*** Source information ***

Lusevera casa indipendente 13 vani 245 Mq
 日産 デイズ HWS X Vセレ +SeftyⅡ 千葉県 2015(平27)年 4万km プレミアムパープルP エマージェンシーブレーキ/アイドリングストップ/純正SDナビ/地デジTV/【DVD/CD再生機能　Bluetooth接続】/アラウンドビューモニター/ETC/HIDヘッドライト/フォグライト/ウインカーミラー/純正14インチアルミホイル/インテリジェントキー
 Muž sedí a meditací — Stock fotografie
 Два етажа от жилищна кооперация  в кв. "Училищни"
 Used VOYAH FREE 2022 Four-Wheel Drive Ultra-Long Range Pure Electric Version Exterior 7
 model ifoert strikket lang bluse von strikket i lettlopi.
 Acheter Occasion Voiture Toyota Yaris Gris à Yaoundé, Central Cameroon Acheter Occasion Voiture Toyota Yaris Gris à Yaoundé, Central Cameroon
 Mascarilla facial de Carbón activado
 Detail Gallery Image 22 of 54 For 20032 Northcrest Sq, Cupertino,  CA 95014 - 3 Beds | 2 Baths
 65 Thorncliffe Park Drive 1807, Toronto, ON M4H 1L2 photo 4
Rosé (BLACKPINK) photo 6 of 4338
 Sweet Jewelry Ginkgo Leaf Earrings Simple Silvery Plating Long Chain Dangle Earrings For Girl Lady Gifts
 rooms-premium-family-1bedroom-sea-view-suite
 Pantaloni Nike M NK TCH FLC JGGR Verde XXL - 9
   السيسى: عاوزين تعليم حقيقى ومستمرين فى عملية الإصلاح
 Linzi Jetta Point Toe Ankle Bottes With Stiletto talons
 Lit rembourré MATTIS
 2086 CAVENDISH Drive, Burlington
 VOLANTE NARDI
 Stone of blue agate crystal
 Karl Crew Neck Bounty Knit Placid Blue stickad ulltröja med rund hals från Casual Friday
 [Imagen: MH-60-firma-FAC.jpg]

*** End of Source information ***

_The task_
Make an exact copy of each line, beginning at the one containing "65 Thorncliffe Park" and ending with the last line of the data, and of no other line.

_Task response_
 65 Thorncliffe Park Drive 1807, Toronto, ON M4H 1L2 photo 4
Rosé (BLACKPINK) photo 6 of 4338
 Sweet Jewelry Ginkgo Leaf Earrings Simple Silvery Plating Long Chain Dangle Earrings For Girl Lady Gifts
 rooms-premium-family-1bedroom-sea-view-suite
 Pantaloni Nike M NK TCH FLC JGGR Verde XXL - 9
   السيسى: عاوزين تعليم حقيقى ومستمرين فى عملية الإصلاح
 Linzi Jetta Point Toe Ankle Bottes With Stiletto talons
 Lit rembourré MATTIS
 2086 CAVENDISH Drive, Burlington
 VOLANTE NARDI
 Stone of blue agate crystal
 Karl Crew Neck Bounty Knit Placid Blue stickad ulltröja med rund hals från Casual Friday
 [Imagen: MH-60-firma-FAC.jpg]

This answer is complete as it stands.